Yes, I do this

. As the Union player with only army leaders with a strategic rating of 2 or less and almost no 1 or 2 star generals with a strategic rating higher than three, if you don't use all the resources available to you, you will have a really hard time.
There are practically no generals that start out low, like 3-2-1 and improve greatly to when they eventually get to be 3 star generals that you actually get a good army general out of them. And then you still have to pay all the darn NM and VP penalties for promoting them or giving them armies before Butler, Banks, McClellan, Sumner, Freemont, Halleck, Buell and co.
One other thing that I do, if I can get it organized, is after '61-10, when you can build divisions is to use a general with a relatively low seniority to build the division and have one or two generals with seniority just above the division commander's and one just below it in the same stack. That way, you have a much greater chance at having a stack with at least one general to lead the division. Example below in '3)'.
One strategic 3 gen had a 50% chance of activating. Two in one stack have 50% + (50% of 50%) = 75%, etc.
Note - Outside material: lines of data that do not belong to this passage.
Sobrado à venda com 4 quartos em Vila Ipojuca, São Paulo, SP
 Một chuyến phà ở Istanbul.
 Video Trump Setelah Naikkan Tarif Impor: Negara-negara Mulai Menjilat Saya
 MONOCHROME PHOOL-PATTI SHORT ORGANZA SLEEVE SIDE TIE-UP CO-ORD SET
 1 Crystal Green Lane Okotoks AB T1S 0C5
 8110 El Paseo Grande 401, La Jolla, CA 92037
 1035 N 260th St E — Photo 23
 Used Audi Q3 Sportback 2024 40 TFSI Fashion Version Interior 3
There is also a factor about the chance of a leader activating being modified by whether he was active in the previous turn. If he was active, then the chances are that he reactivates again in the next turn are increased. I think it adds 1 to the d6 activation-check die role, but I can't remember if it works the other way around if the general was inactive the previous turn. It sure often feels like it though
The major disadvantages of this are
1) you need a lot of generals to run one good division,
2) it doesn't help you if your division is stacked with a 3-1-1 2 star general with 1 or more other division (unless you break it out of that stack to attack alone),
3) if you have built a division, let's say, around Butterfield (Sen 53) and have French (Sen 54) as the helpers-help-general and Crittenden (Sen 26) and Prentiss (Sen 30) as the additional back-up generals and you go into battle with that stack with Crittenden or Prentiss active and get a really good results leading to promotions or increase in seniority or even experience points being handed out, Crittenden and Prentiss will usually be left out, because Butterfield is the division commander and was in combat but the other generals may not be deemed to have affected the battle,
4) it's a lot of micro-management, because you have to check all the generals in a stack each turn to see if you can do anything productive with the division.
It's lots of work to get around the 10% penalty for being under-commanded or the 35% penalty for being inactive.